### EXERCISE MATERIALS ###

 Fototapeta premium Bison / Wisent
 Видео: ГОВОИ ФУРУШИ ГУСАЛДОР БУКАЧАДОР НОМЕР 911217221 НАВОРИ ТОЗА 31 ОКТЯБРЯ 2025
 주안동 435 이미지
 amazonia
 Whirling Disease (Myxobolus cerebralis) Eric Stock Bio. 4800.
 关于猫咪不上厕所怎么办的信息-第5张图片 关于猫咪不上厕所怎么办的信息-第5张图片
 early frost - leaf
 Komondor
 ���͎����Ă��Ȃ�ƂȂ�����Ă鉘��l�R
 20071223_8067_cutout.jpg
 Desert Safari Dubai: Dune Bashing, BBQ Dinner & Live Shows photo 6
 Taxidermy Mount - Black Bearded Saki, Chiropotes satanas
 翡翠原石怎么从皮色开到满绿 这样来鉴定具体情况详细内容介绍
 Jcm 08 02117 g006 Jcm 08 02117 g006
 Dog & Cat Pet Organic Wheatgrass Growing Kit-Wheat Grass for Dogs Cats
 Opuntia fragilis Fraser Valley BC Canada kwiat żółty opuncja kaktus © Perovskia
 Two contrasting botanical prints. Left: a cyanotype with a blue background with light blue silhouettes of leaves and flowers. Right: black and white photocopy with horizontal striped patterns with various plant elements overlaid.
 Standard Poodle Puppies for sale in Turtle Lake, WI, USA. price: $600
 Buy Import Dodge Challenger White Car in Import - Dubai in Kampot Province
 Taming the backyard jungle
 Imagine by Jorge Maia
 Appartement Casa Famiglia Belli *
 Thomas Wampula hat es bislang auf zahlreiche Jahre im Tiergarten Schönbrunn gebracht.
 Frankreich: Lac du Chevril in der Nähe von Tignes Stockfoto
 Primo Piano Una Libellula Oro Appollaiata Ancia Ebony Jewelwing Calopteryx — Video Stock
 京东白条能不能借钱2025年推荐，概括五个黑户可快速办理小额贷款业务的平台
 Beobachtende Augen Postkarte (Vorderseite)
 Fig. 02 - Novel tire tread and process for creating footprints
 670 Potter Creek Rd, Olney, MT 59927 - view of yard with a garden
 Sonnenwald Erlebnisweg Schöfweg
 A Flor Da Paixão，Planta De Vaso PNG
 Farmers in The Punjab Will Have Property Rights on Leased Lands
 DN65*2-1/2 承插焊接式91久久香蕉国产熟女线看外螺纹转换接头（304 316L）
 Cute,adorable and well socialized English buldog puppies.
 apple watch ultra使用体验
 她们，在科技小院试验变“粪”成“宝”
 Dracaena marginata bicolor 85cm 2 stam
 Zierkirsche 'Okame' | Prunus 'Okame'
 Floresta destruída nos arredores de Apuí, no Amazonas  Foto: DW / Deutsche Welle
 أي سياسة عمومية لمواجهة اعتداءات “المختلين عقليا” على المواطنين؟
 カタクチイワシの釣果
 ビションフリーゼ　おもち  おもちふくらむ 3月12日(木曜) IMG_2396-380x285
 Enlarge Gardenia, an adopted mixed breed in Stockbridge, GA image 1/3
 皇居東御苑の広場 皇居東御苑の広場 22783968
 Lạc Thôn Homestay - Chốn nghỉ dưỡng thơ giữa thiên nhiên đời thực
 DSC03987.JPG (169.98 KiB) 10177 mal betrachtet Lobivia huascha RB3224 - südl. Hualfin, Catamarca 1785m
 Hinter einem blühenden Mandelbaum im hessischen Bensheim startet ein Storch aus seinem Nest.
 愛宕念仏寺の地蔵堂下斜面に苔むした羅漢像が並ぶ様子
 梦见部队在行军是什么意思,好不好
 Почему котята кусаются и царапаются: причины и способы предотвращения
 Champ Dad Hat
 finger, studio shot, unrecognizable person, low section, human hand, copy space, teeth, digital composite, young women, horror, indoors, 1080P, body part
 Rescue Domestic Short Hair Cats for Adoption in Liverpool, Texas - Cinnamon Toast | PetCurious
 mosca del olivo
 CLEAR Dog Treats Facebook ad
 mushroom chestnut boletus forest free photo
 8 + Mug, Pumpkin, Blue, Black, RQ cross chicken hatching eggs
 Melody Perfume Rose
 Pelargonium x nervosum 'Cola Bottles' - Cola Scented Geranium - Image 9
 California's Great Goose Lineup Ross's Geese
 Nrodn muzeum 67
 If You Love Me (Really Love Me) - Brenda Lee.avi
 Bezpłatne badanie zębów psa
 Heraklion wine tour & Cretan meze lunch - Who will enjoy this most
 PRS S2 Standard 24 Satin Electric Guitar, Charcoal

###

#### YOUR OBJECTIVE
Show each line of the data that contains the string "Standard".

#### TASK ANSWER
 Standard Poodle Puppies for sale in Turtle Lake, WI, USA. price: $600
 PRS S2 Standard 24 Satin Electric Guitar, Charcoal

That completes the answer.